### THE TASK
Find the line containing "Read more about", then return it and every line after it through the end of the records, exactly. Leave out pictures.

---------- DATA EXTRACT ----------

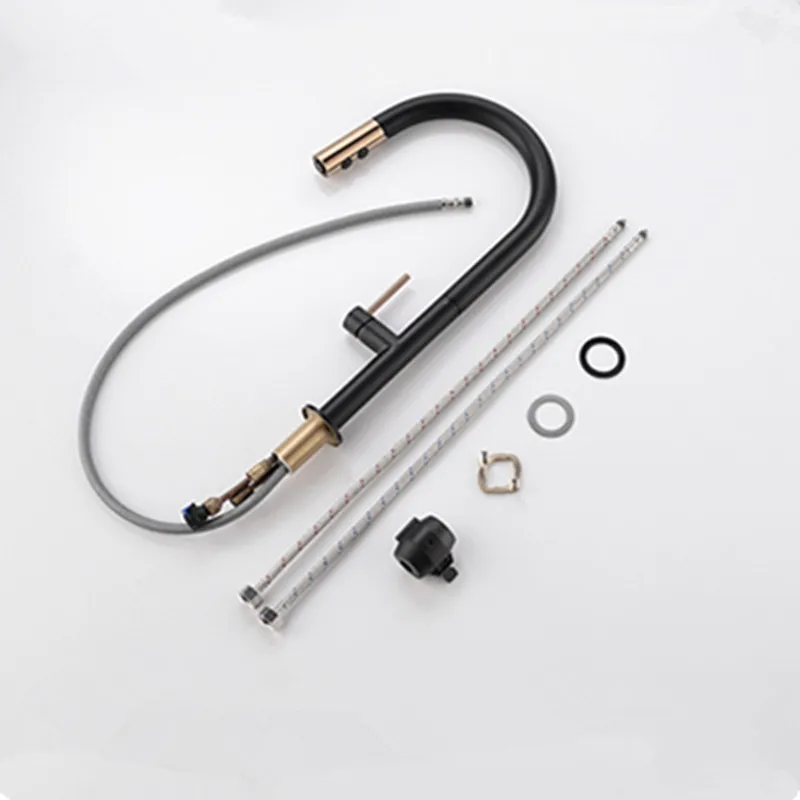 Смеситель для кухни из белой/черной латуни с выдвижной кнопкой переключения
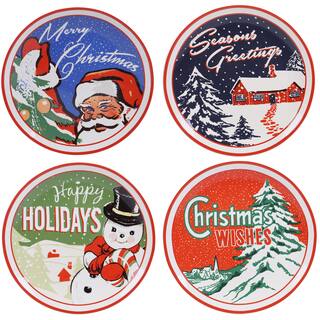 Certified International Retro Christmas 11-inch Dinner Plates With Assorted Designs (Pack of Four)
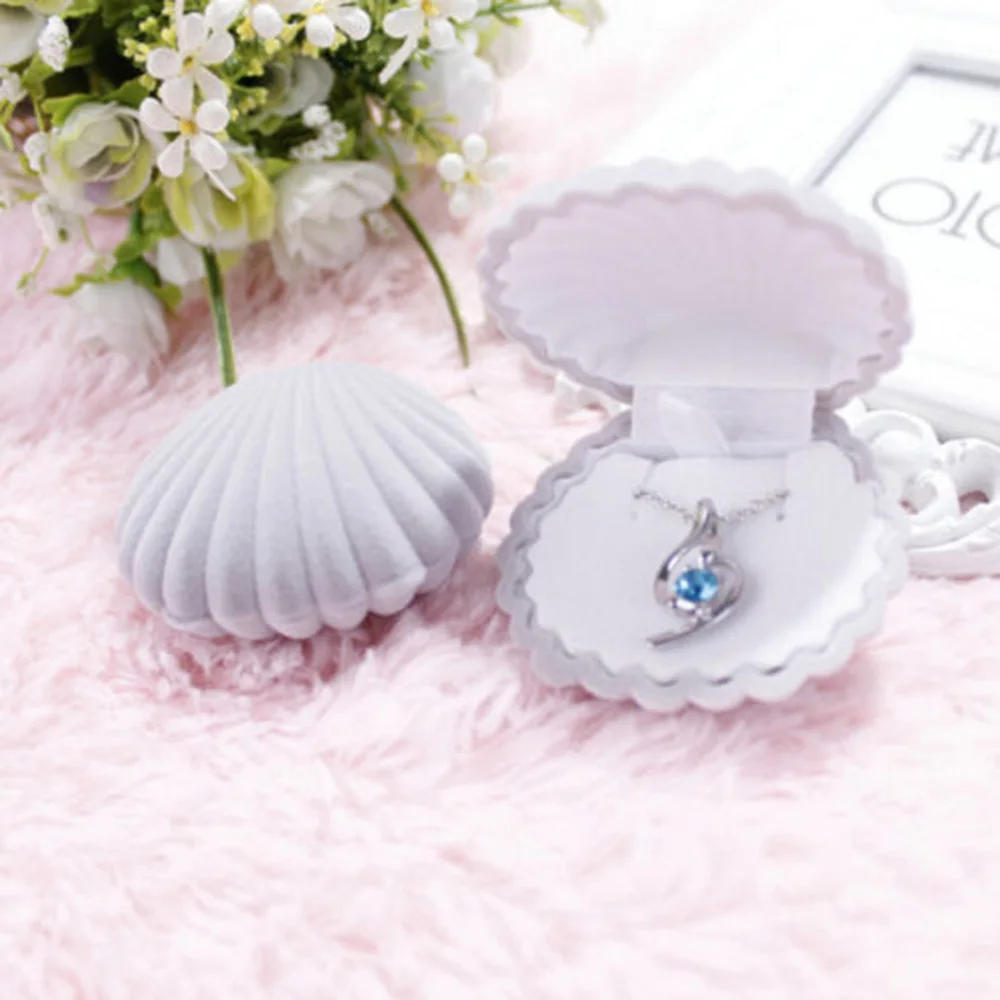 1pcs 5Colors Pink Shell Lovely Velvet Wedding Engagement Ring Box For Earrings Necklace Bracelet Jewelry Display Gift Box Holder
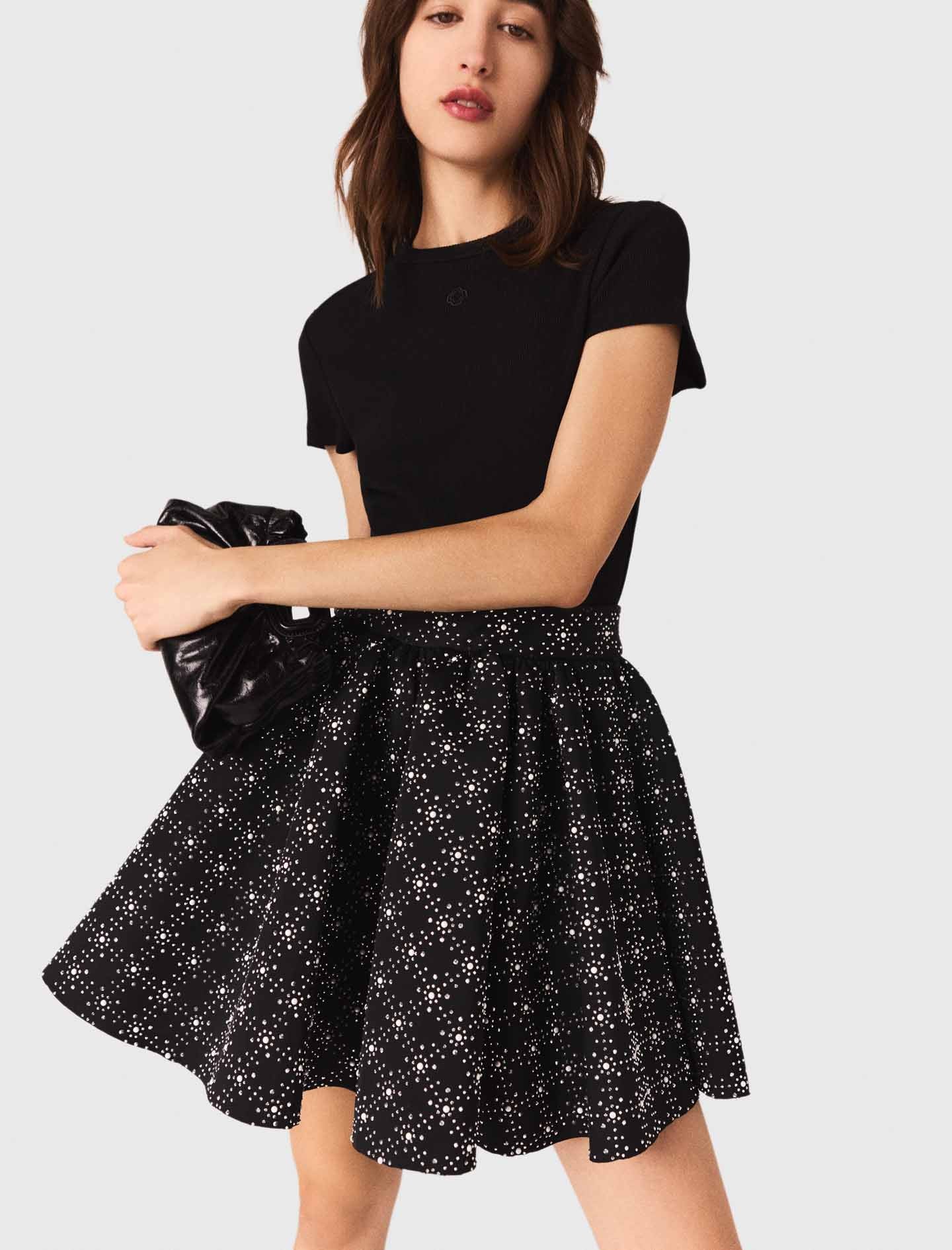 Pearl and rhinestone skater skirt Black - Image 2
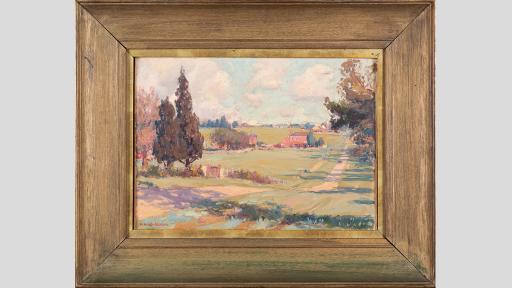 Framed painting of a landscape with houses surrounded by fields and trees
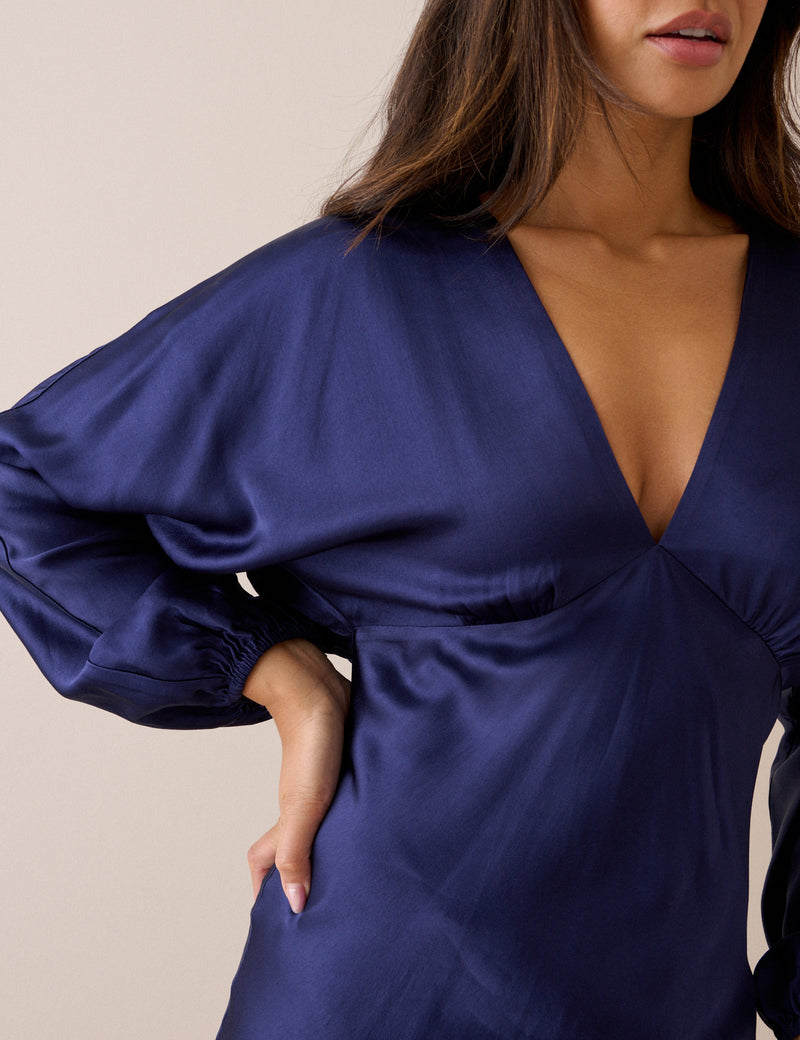 Navy Long Sleeve Satin Allura Midi Dress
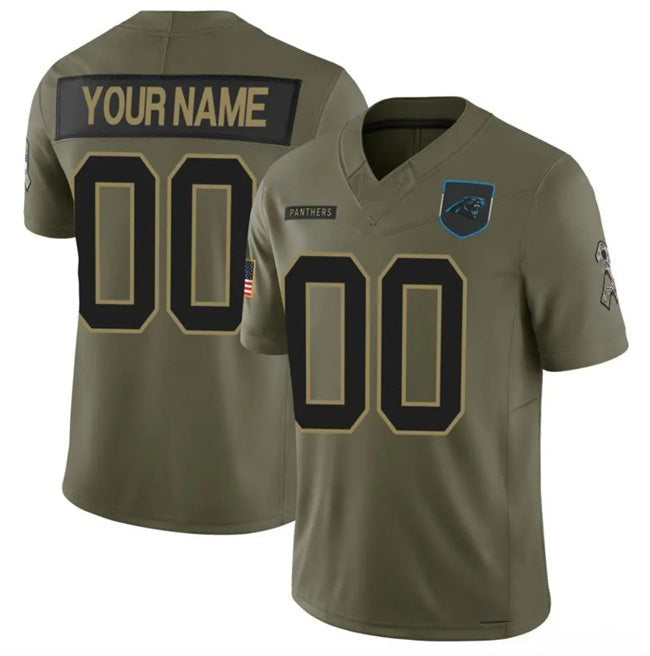 Custom C.Panthers Active Player Olive 2025 F.U.S.E. Salute to Service Limited Stitched Football American Jersey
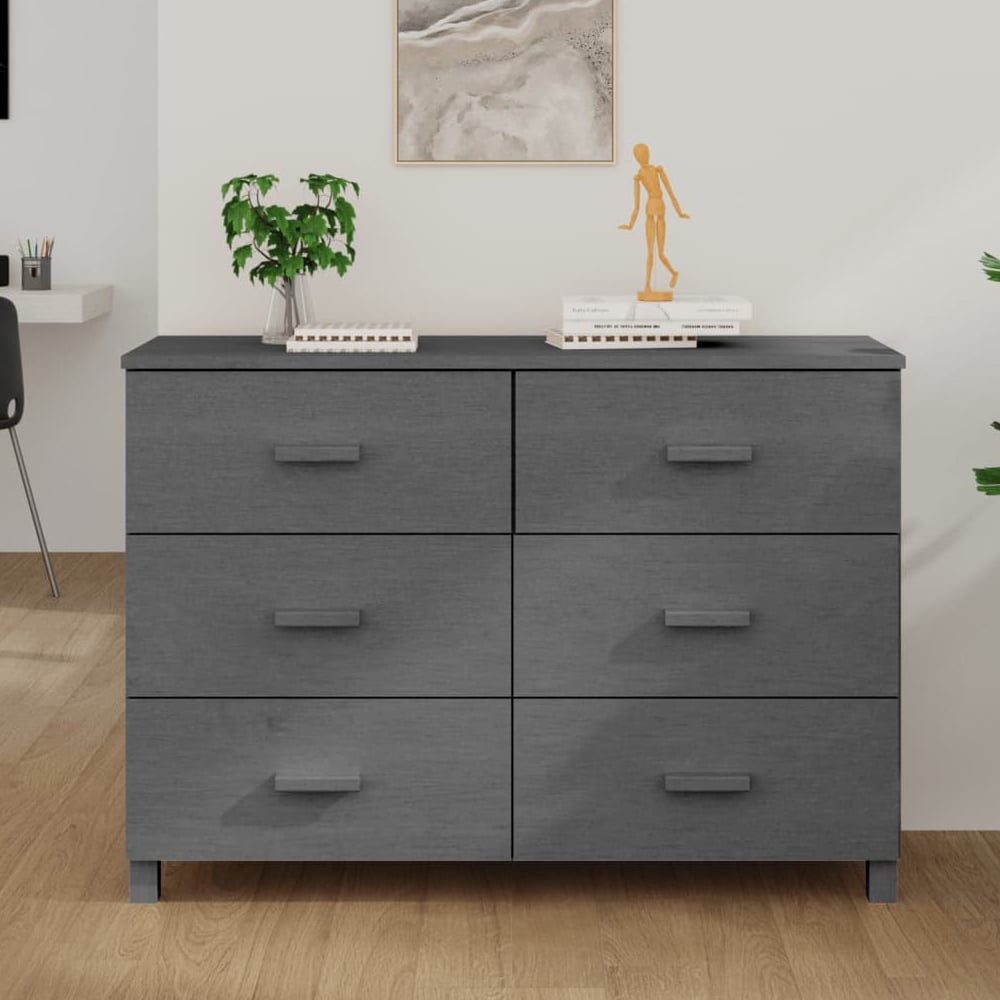 Read more about Hull wooden chest of 6 drawers in dark grey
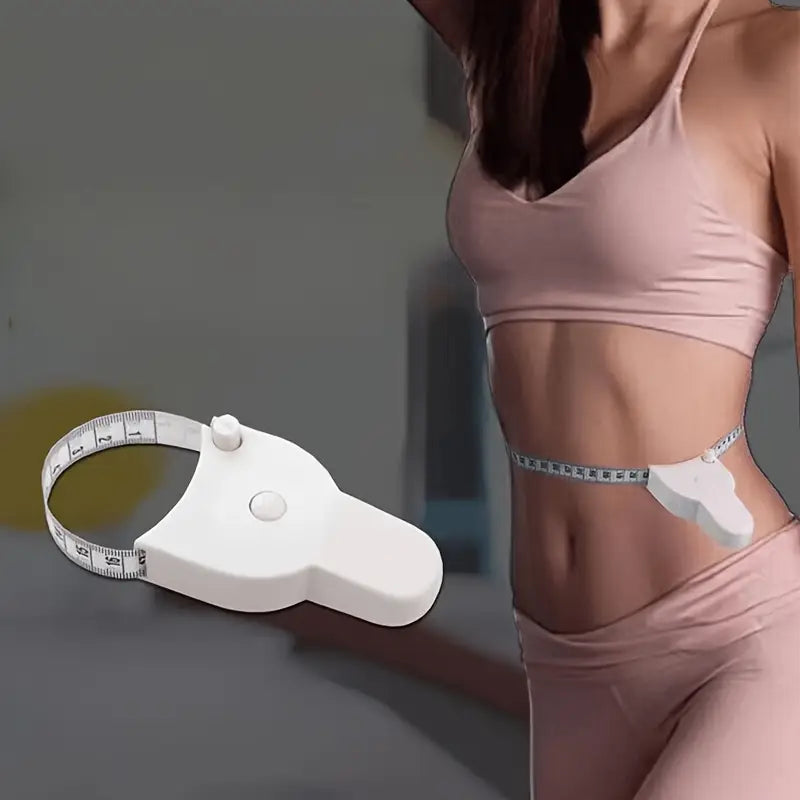 Retractable fitness body measuring tape for accurate weight loss & health progress tracking. Essential personal fitness tool.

----------

### THE COMPLETED TASK
 Read more about Hull wooden chest of 6 drawers in dark grey
 Retractable fitness body measuring tape for accurate weight loss & health progress tracking. Essential personal fitness tool.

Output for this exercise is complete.